In 2016, Mindich donated $25,000 to the Wayne County Sheriff's Office in Michigan to buyback 500 guns.

==Caliber Foundation==
The Caliber Foundation is a registered 501(c)(3) organization that supports victims and communities affected by illegal gun violence.

===Notable Contributors===
In 2014, Serena Williams and the Serena Williams Fund announced a grant to the Caliber Foundation to prevent young people from experiencing the same pain Williams' had through the murder of her sister in 2003.

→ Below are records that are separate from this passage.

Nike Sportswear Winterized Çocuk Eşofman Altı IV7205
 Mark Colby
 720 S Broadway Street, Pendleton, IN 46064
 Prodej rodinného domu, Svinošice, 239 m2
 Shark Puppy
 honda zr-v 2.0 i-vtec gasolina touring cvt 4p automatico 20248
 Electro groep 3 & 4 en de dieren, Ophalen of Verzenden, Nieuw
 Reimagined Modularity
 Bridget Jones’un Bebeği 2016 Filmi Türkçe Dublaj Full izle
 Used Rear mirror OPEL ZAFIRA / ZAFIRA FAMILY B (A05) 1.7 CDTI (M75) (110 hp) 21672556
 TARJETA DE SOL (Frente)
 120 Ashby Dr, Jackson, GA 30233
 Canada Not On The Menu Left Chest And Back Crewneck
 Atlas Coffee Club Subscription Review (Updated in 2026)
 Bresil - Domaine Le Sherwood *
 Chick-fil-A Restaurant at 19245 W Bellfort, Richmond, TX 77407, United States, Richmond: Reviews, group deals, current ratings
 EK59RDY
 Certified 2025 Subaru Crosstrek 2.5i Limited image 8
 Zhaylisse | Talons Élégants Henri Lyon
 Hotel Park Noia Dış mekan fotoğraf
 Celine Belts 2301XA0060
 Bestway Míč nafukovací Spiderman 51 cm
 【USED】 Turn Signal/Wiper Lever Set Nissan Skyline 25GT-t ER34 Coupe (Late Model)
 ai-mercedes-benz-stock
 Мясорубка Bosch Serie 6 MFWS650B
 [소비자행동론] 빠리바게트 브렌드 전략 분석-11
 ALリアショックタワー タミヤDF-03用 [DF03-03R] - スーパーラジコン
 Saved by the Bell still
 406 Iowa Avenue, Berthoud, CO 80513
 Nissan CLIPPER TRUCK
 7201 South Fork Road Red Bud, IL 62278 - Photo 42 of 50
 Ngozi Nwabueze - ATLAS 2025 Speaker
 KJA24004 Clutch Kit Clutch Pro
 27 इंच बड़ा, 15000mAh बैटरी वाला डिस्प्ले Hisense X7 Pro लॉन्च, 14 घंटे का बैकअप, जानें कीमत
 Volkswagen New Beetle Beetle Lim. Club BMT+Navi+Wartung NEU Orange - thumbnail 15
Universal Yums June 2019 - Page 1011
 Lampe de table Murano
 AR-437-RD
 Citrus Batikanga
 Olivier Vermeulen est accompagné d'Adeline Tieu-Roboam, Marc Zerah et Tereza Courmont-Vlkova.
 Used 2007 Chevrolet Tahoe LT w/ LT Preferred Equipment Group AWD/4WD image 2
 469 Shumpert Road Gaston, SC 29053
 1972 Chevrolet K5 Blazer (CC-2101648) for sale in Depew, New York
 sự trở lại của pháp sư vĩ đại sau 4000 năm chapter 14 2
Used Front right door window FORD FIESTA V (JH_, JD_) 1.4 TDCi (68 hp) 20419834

In 2016, street artist Shepard Fairey donated 20% of sales from his art exhibit at the Library Street Collective in Detroit, MI. In July 2016, Fairey also dedicated a portion of the proceeds of the sale from his gun control American Civics collaboration with photographer Jim Marshall to the Caliber Foundation.

==Raise The Caliber==
Mindich is also the founder of the Raise The Caliber initiative, a national advocacy campaign to end illegal gun violence. Proceeds from partnerships under Raise The Caliber are donated to the Caliber Foundation.

==Journalism==
In 2016, Mindich became a frequent Huffington Post journalist creating a series of interviews under the title YOU CAN DO SOMETHING ABOUT IT. Interviews included men and women who are leaders, activists and influencers on the subject of gun violence in America.